A former nutrition supervisor at Sussex Tech is suing the district after he says he was wrongfully terminated for reporting the purchase of video equipment out of the school's food account.
John Gary Woody worked for seven years as a nutrition supervisor for Sussex Tech, with 23 years of experience. He said he consistently received excellent reviews, and he received no reprimands or disciplinary actions. Through sound management and fiscal decisions, Woody said, the cafeteria account had more than $500,000 in 2013.
At the same time, the Sussex Tech School District was encountering financial difficulties because of decreasing revenues. Woody said his position should have been immune to the district's financial woes because the state pays 70 percent of his salary and the remaining 30 percent was covered by money generated from food sales.
In October 2013, Woody said he was contacted by federal and state auditors about the removal of funds from the cafeteria account. Auditors said more than $8,000 was removed; Woody said Principal John Demby purchased televisions and audio equipment for the cafeteria.
Woody said he worked with auditors in a protected whistleblower capacity to resolve the misappropriated funds.
“Any purchase made out of the account must be for child nutrition. They would have had to use the televisions to show only information on child nutrition in order for it to be a legitimate expense. Instead, they used the TVs for sports and other shows,” Woody said.
When administrators realized that Woody had been involved with the audit of funds, he said, his work relationships changed.
Woody said a proposed purchase for the cafeteria was refused, and he endured negative comments from administrators.
Four months after speaking with auditors, Woody said, his job was terminated. Assistant Superintendent Curt Bunting told him the district did not have enough money to pay him, even though, Woody said, his position is funded differently from teachers and administrators.
Woody said Sussex Tech officials retaliated against him for reporting mismanagment of funds by terminating his employment.
“Defendants nonrenewed plaintiff's contract in retaliation for his protected acts in violation of the Delaware Whistleblowers' Protection Act,” the lawsuit states.
The lawsuit, filed in 2014, asks a jury for back pay, attorney's fees, a reinstatement of his position as child nutrition supervisor with a 10-year contract and pay until he is reinstated. The lawsuit also asks Sussex Tech to expunge Woody's records relating to his termination and other relief the court deems appropriate.
In its response, Sussex Tech denied most allegations in the lawsuit. The district acknowledged Woody was an employee who had received favorable evaluations and that the cafeteria account was profitable prior to 2014.
However, Tech's response states parents, students, administrators and the school board were concerned about the quality of food served.

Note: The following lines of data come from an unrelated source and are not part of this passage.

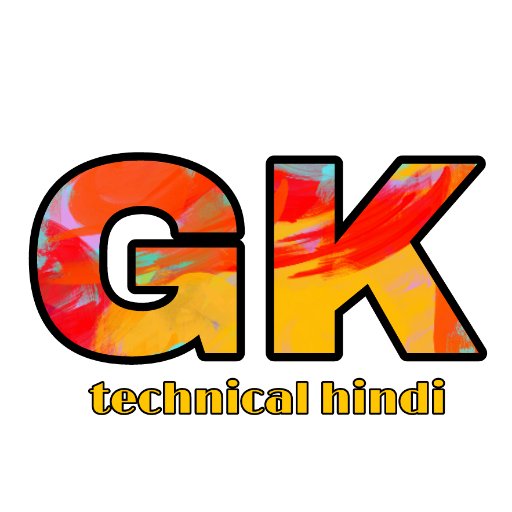 Gk Technical Hindi Gopalkurrey2 Twitter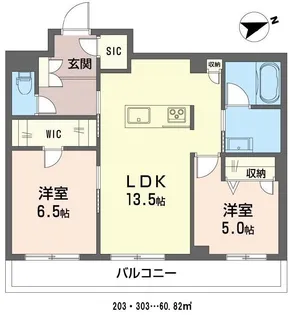 ロイヤルクレセント【3階】の間取り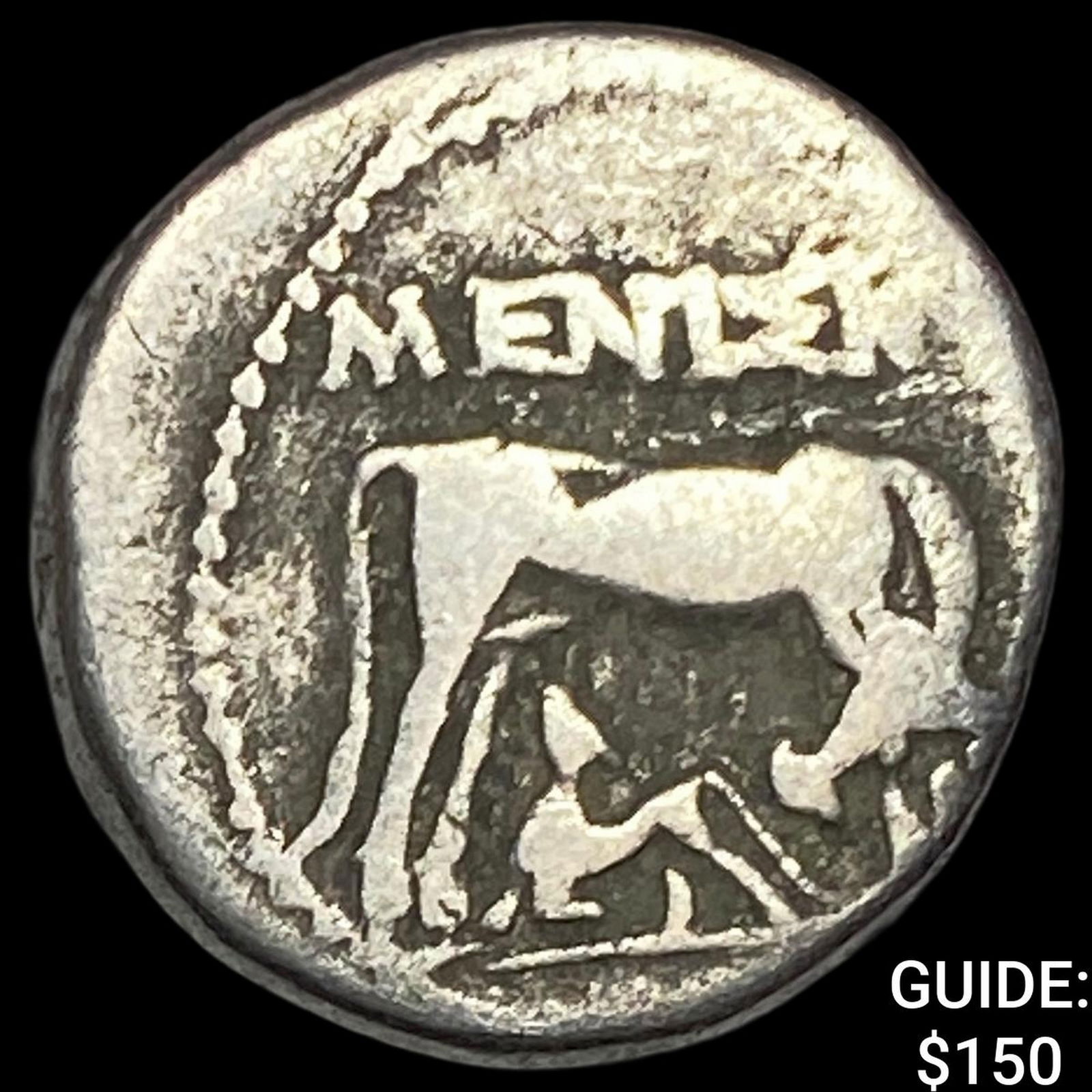 Illyria 260-167/98 BC Silver Drachm NEARLY UNCIRCULATED: Illyria 260-167/98 BC Silver Drachm NEARLY UNCIRCULATED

“Plaintiff was aware of these concerns but resisted change,” Tech's response reads. “Costs associated with addressing these concerns predictably eliminated the profitability of the child nutrition services operation, and it was not profitable in fiscal year 2014.”
Tech also admits there was a review of expenditures out of the child nutrition account, but the review team disagreed with Tech's rationale for using child nutrition services money for the expenditures.
“The district believed they were correct but recoded 100 percent of technology purchase,” court papers state.
School board President Patrick Cooper would not comment on the lawsuit because it is a personnel issue.
On Nov. 16, Tech asked Superior Court Judge Jan Jurden for summary judgement on all counts. An argument for summary judgement will be held Jan. 25, 2016, with both sides attending.
A jury trial remains scheduled for April 11, 2016.